If we are going to have a portable, architecture-independent binary format along the lines of LLVM, we would probably want the dynamic linker to be a portable binary too.

Architecture-specific dynamic relocation code would normally be chosen at compile time, for example:

switch(r_type) {
#if defined(__i386__)
  case R_386_JMP_SLOT: ...
  case R_386_GLOB_DAT: ...
  ...
#elif defined(__x86_64__)
  case R_X86_64_JUMP_SLOT: ...
  case R_X86_64_GLOB_DAT: ...
  ...
#endif
}

(Or the code can be split into arch-specific files.)

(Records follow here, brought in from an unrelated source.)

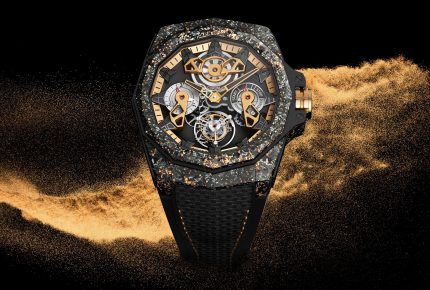 Admiral 45 Automatic Openworked Flying Tourbillon Carbon & Gold © Corum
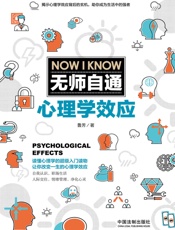 无师自通心理学效应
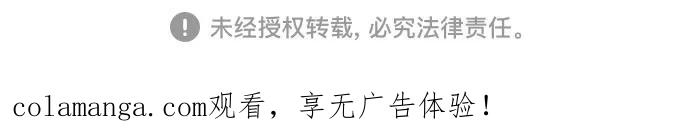 《换个老公当爸爸》第63话 第63页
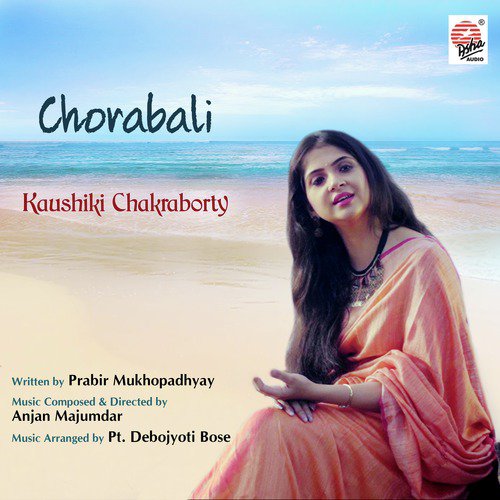 Chorabali - Kaushik Chakraborty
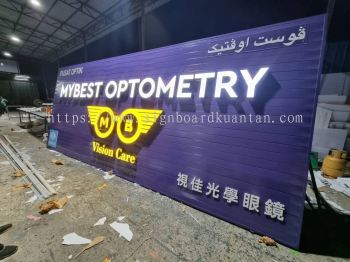 MYBEST OPTOMETRY ALUMINIUM PANEL 3D BOX UP FRONTLIT- BACKLIT LETTERING SIGNAGE AT TERENGGANU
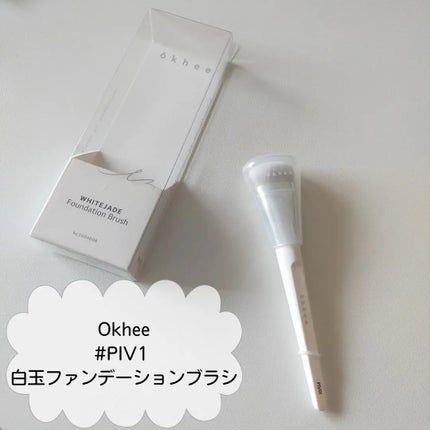 okhee 白玉ファンデーションブラシ/SOOA DOR/メイクブラシを使ったクチコミ(3枚目)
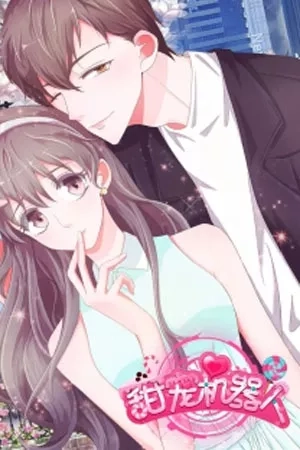 Portada de Mi dulce robot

Instead, we can compile code that handles all known architectures:

switch(get_machine_type()) {
  case EM_386:
    switch(r_type) {
      case R_386_JMP_SLOT: ...
      case R_386_GLOB_DAT: ...
      ...
    }
    break;
  case EM_X86_64:
    switch(r_type) {
      case R_X86_64_JUMP_SLOT: ...
      case R_X86_64_GLOB_DAT: ...
      ...
    }
    break;
}

get_machine_type() can be a function which returns a constant at runtime, in which case we will link code that will never be run. Alternatively, get_machine_type() could be a compiler/linker intrinsic. The linker and/or code generator would perform an optimisation to drop all but the code path for the targeted architecture.

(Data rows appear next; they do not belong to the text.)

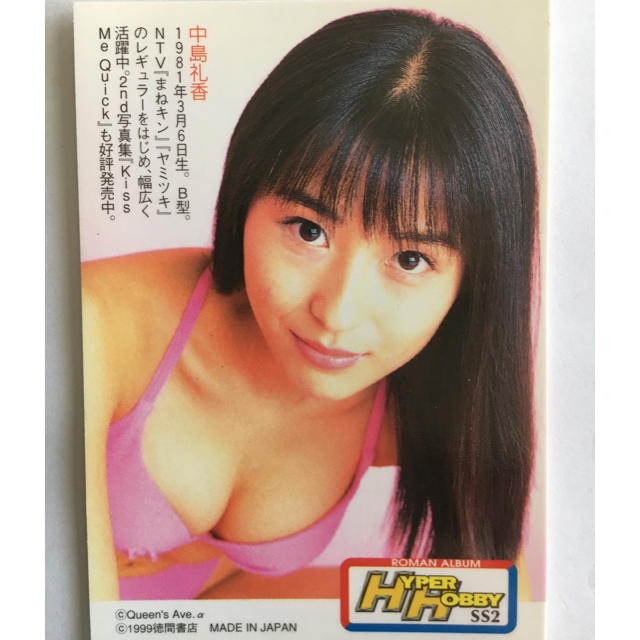 中古美品 中島礼香 Hyperhobby Ss2 1999 徳間書店の通販 By Forever ラクマ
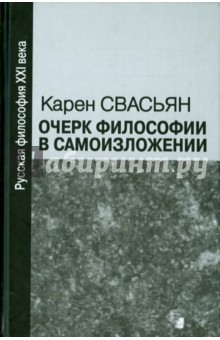 Обложка книги Очерк философии в самоизложении, Свасьян Карен Араевич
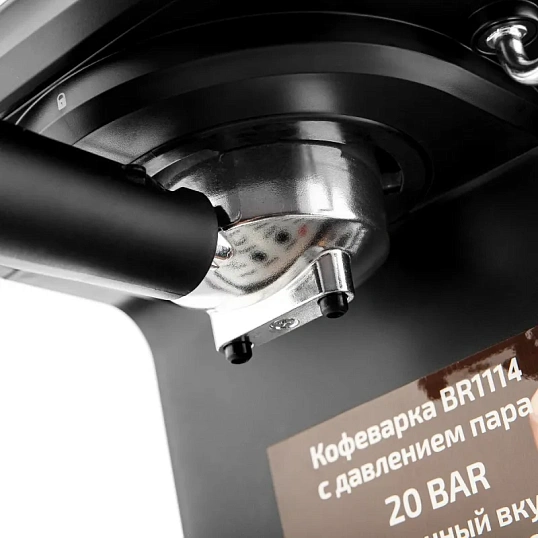 Кофеварка BRAYER BR1114, 1100 Вт,15 бар,автомат.капуч,резерв.д.воды 1,5 л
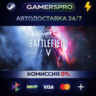 Battlefield V Definitive Edition ВЫБОР РЕГИОНА STEAM GIFT АВТО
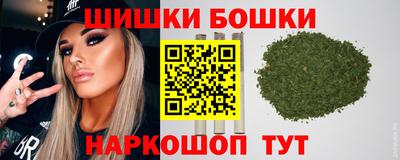 каннабис Владикавказ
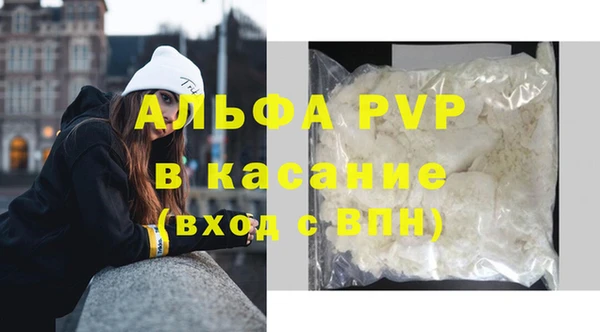 экстази Волоколамск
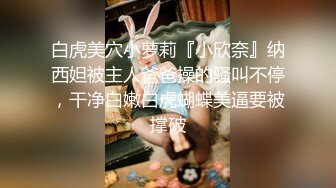 娇小可人长腿妹+风情万种骚御姐❤️Ria Manilla+ANNGODDESS（P站）❤️视频合集【90V】 (56)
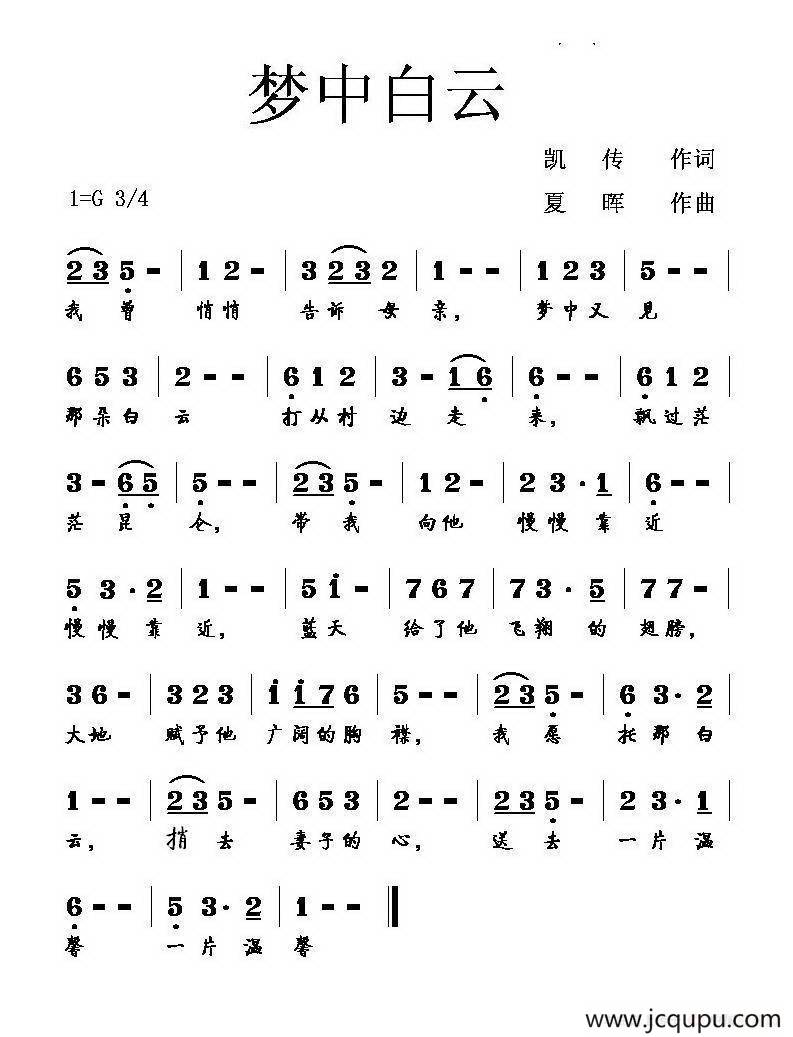 梦中白云简谱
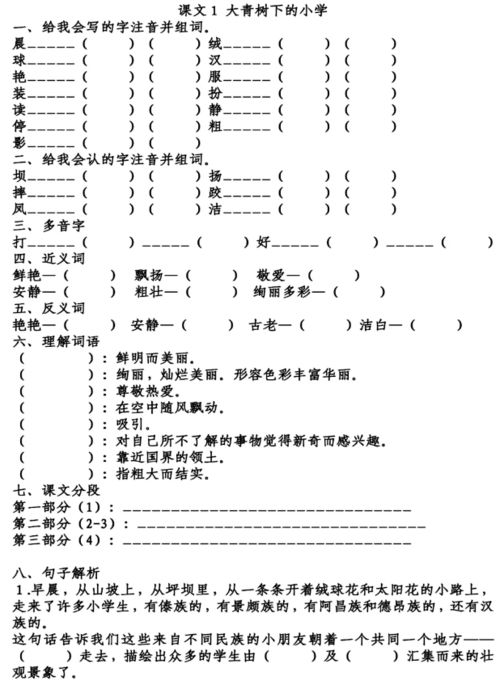 雪淋淋的雪可以怎么组词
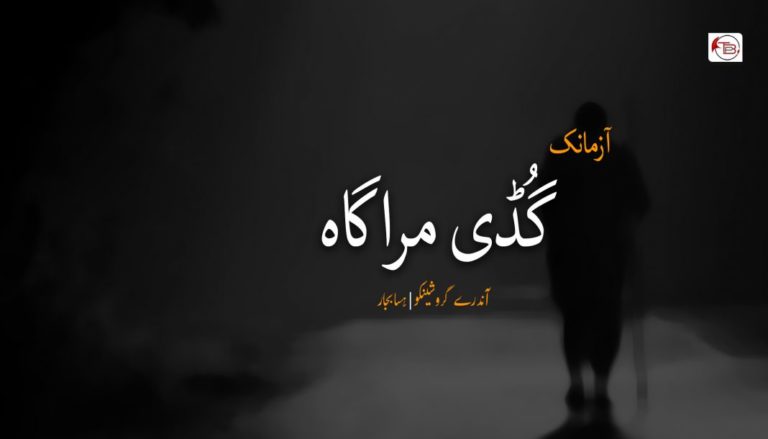 گُڈی مراگاه – آندرے گروشینکو | هسا بجار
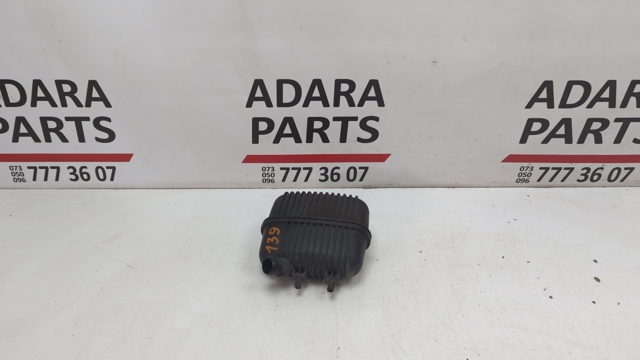 Резонатор Ауді A4 B8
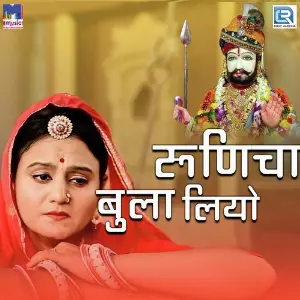 Birosa Runicha Bula Liyo image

In terms of programming language design, this is a more principled approach than using a preprocessor for conditional compilation. It has the advantage that the compiler type checks all variants of the code. In contrast, using preprocessor conditionals can produce a combinatorial explosion of compile configurations which are hard to test; it is easy to make changes that fail to build on some configurations.

All the targeted architectures will use ILP32 with the same struct layout, so we can use ELFCLASS32 for all binaries, even on x86-64.

Caveat

Suppose someone ports NaCl to PowerPC. This is not very useful to PowerPC users if existing web apps' copies of ld.so are portable binaries but these predate the addition of PowerPC support. ld.so would need to support relocations for PowerPC (R_PPC_*).

There could be a mechanism for the browser/NaCl to supply overrides. NaCl would provide a copy of ld.so for the local architecture. The web app would voluntarily use this instead of its own copy (assuming glibc versions match up).